Task data
════════
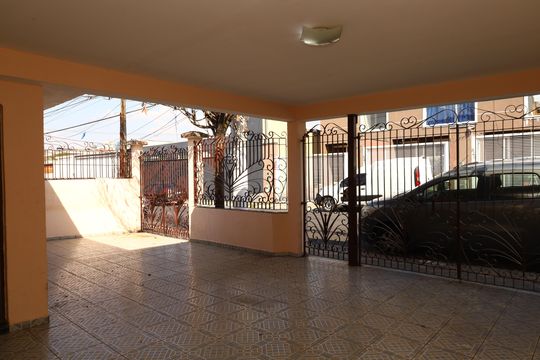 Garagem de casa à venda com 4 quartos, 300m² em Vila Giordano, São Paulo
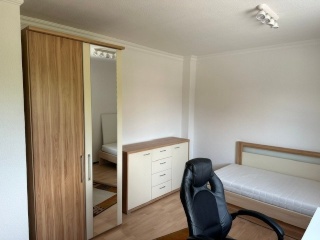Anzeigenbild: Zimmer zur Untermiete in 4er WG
════════
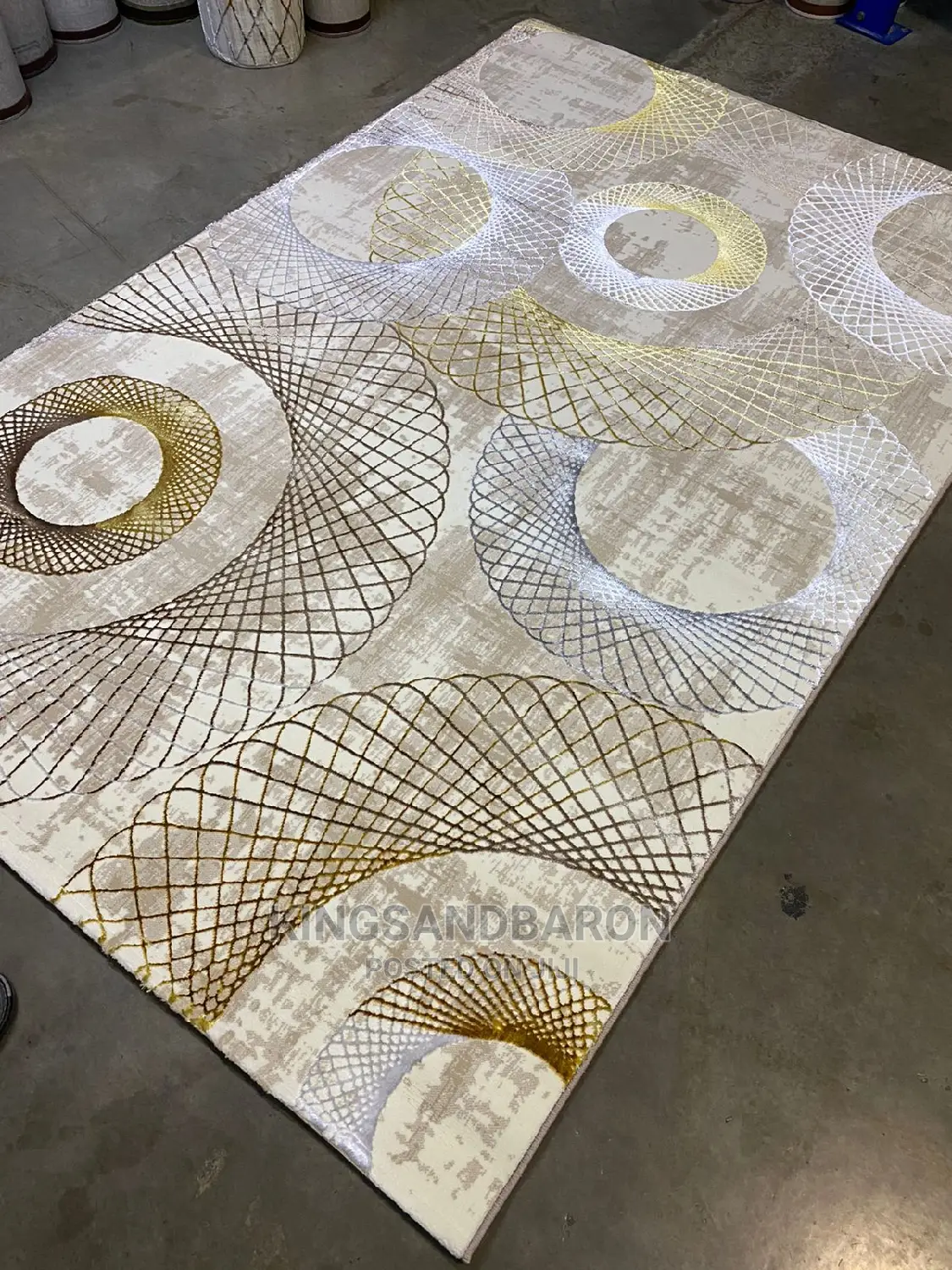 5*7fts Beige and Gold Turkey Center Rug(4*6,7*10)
════════
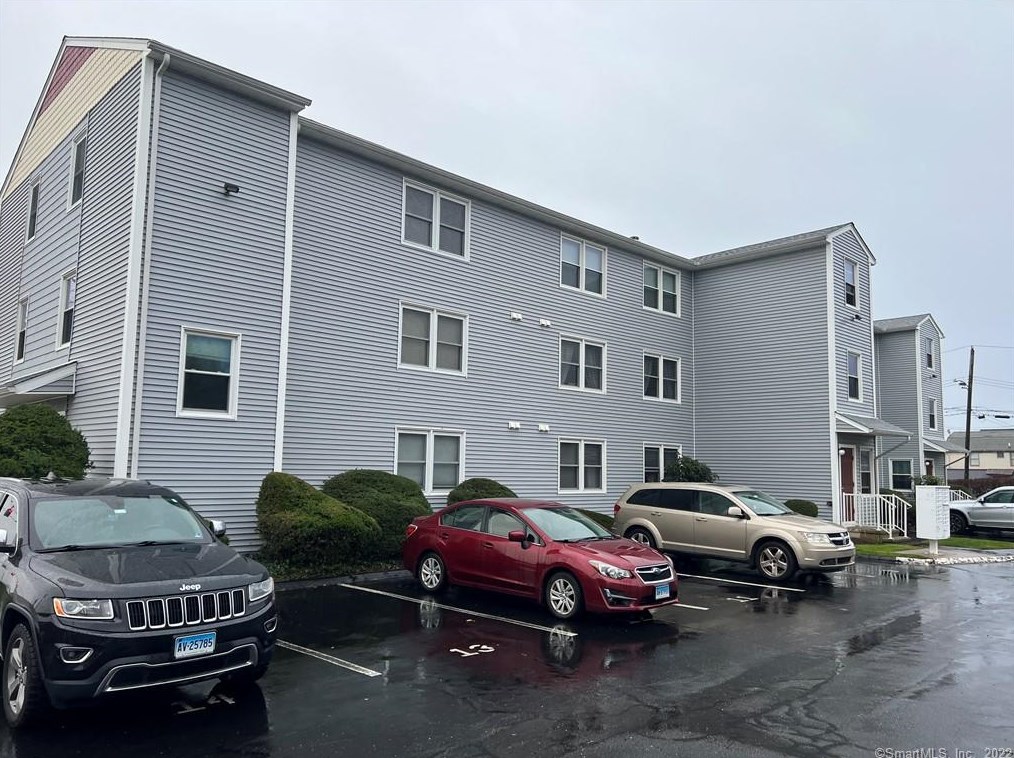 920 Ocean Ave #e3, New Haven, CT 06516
════════
Required work
Return the lines above from the one with "Garagem de casa" through the one with "Anzeigenbild: Zimmer zur Untermiete in 4er WG", verbatim and nothing else. Omit every picture.

Result of this exercise
 Garagem de casa à venda com 4 quartos, 300m² em Vila Giordano, São Paulo
Anzeigenbild: Zimmer zur Untermiete in 4er WG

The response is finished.